[antlr-interest] Matching multiple occurrences of quoted text joined by 'and' (i.e. "a" and "b" and "c")

Wed Nov 3 15:40:14 PDT 2010

Hmmm - I think I might be running into a bug - either in the code or my
understanding (almost certainly my understanding!).
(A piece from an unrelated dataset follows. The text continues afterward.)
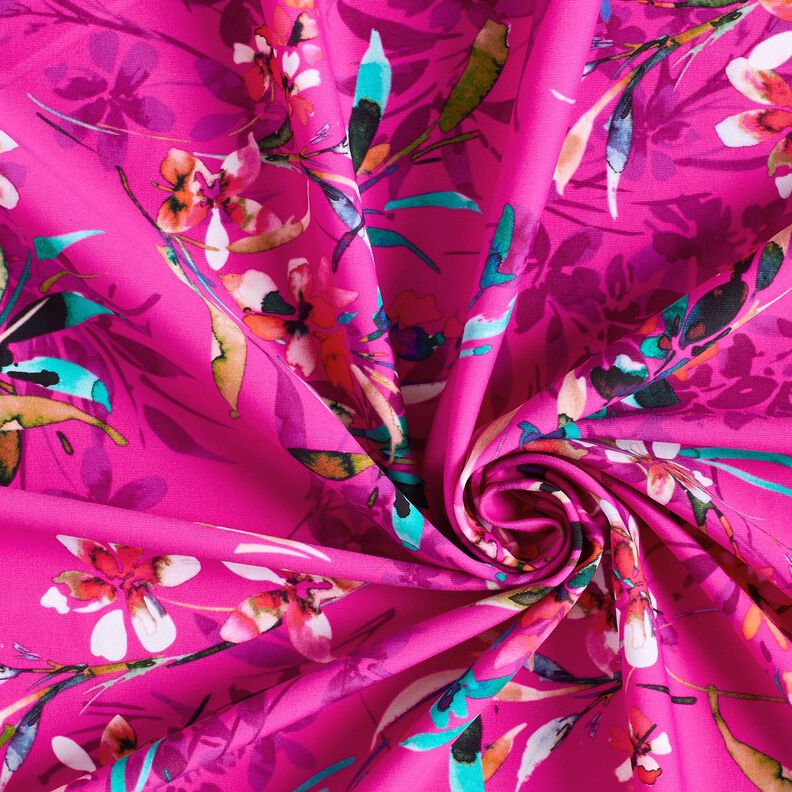 Swimsuit Fabric Watercolour Flowers – purple/white,  image number 3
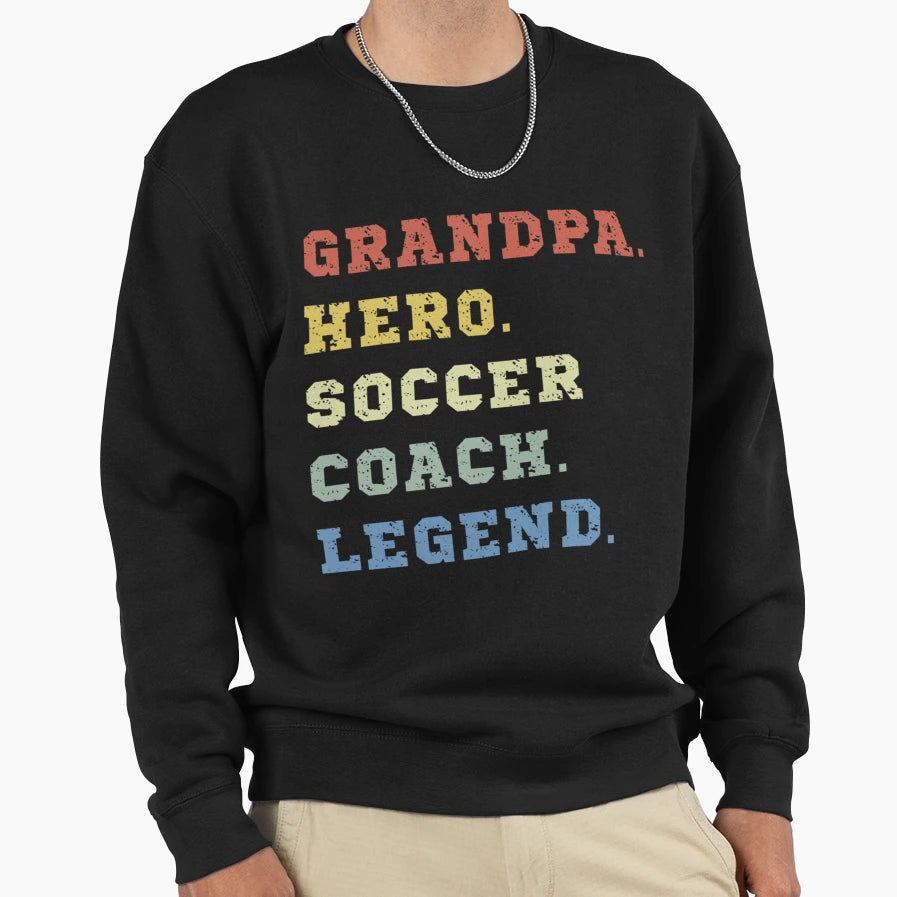 Soccer Coach Grandpa T-Shirt - Minimalist Print Unisex - T-Shirt, Sweatshirt, Hoodie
I have created a simple grammar which demonstrates the problem (I am testing
the first parser rule called 'rule1') :

--- start
grammar QuotedText;

@parser::header {
package examples.aandb;
}

@lexer::header {
package examples.aandb;
}

rule1
: a=QUOTED_TEXT 'and' b=QUOTED_TEXT 'and' c=QUOTED_TEXT
{ System.out.println("rule1: " + a.getText() + ", " + b.getText() + "," +
c.getText());}
;
ruleThatShouldBeIgnored
: 'and whose' 'external'? 'resource is' theResource=('this' | QUOTED_TEXT)
{ System.out.println("taskResource: " + $theResource);}
;

QUOTED_TEXT : '"' (~'"')* '"';
WS
    : (' '|'\t'|'\n'|'\r')+ {skip();}
    ;
--- end

My test case is as follows:

--- start
package examples.aandb;

import org.junit.Test;
import org.antlr.runtime.CommonTokenStream;
import org.antlr.runtime.CharStream;
import org.antlr.runtime.ANTLRStringStream;
import org.antlr.runtime.RecognitionException;

import java.io.IOException;

public class TestCase {

    @Test
    public void happyPath() throws IOException, RecognitionException {
        String dsl = "\"a\" and \"b\" and \"c\"";
        createParser(dsl).rule1();
    }

    private QuotedTextParser createParser(String testString) throws
IOException {
        QuotedTextLexer lexer = createLexer(testString);
        CommonTokenStream tokens = new CommonTokenStream(lexer);
        return new QuotedTextParser(tokens);
    }

    private QuotedTextLexer createLexer(String testString) throws
IOException {
        CharStream stream = new ANTLRStringStream(testString);
        return new QuotedTextLexer(stream);
    }
}

--- end

If I run that (in IDEA 8 using latest antlrworks and antlr 3.2 then I get
the following output:

--- start
lline 1:8 mismatched character '"' expecting 'w'
line 1:9 no viable alternative at character 'b'
line 1:17 no viable alternative at character 'c'
line 1:19 mismatched character '<EOF>' expecting '"'
line 1:10 missing 'and' at '" and "'
line 0:-1 mismatched input '<EOF>' expecting 'and'
--- end

if however, I comment out the second rule ('ruleThatShouldBeIgnored') then
everything works as expected.  The output is:

--- start
rule1: "a", "b","c"
--- end

I don't understand this behaviour - I don't see why
'ruleThatShouldBeIgnored' is having any influence.

Any ideas?

Thanks,

Col

On 3 November 2010 19:37, Colin Yates <colin.yates at gmail.com> wrote:

> Thanks Gordon,
>
> That doesn't work either.  I think I need to separate out just this
> fragment into its own grammar to ensure that the rest of the grammar
> isn't having any unexpected side effects.
>
> I will report back once I have isolated these two rules... Thanks!
>
> Sent from my iPad
>
> On 3 Nov 2010, at 19:25, Gordon Tyler <Gordon.Tyler at quest.com> wrote:
>
> >> QUOTED_TEXT : '\"' ( options {greedy=false;} : .)* '\"'
> >
> > Try this:
> >
> > QUOTED_TEXT : '"' (~'"')* '"'
> >
> > In English: Match '"', then match zero or more characters which are not
> '"', then match '"'.
> >
> > Ciao,
> > Gordon
> >
>